FIG. 10 is a diagram for explaining determination as to whether or not machining can be completed without causing machining interference based on the elliptical trajectory EP with respect to the step contour shape data TSD shown in FIG. In the processing apparatus 1 of FIG. 1, the elliptical trajectory EP of the step forming tool 437 touches the step contour while the lens LE rotates. It shows how the trajectory EP touches. It should be noted that the step contour shape data TSD is a range that is not processed by the step forming tool 437 in a radius vector angle range in which the target lens shape data TD is not located outside.

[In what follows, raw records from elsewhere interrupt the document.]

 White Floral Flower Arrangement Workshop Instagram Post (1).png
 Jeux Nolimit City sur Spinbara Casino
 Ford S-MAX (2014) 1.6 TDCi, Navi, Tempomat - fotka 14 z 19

Srn is the radius vector length at the radius vector angle θn in the step contour shape data TSD, R is the radius of the step forming tool 437 (distance from the center of rotation to the vertex CM), and the distance between the center of the lens chuck shaft 102 and the elliptical locus EP is Assuming that the inter-axis distance from the center MO is Yn and the inclination angle of the rotating shaft 431 is α, the inter-axis distance Yn is expressed by the following equation. Note that n=1, 2, 3, . . . , N, where N is 1,000 points, for example.

ここで、θｎをある範囲で変化させ、Ｙｎが最大となる角度θｉを求める。このときの段差輪郭形状データＴＳＤ上の加工点ＰＭｉは、角度θｉ上で段差輪郭形状データＴＳＤに楕円軌跡ＥＰが接する点として求められる。図１０において、動径角θａ（中心ＭＯが位置する方向）のときに、楕円軌跡ＥＰが接する段差輪郭形状データＴＳＤ上の加工点ＰＭａは、動径角θａ上に位置している。一方、動径角θｂのときに、楕円軌跡ＥＰが接する加工点ＰＭｂは、動径角θａとは異なる角度θｂとなっている。動径角θｃのときに、楕円軌跡ＥＰが接する加工点ＰＭｃとなる。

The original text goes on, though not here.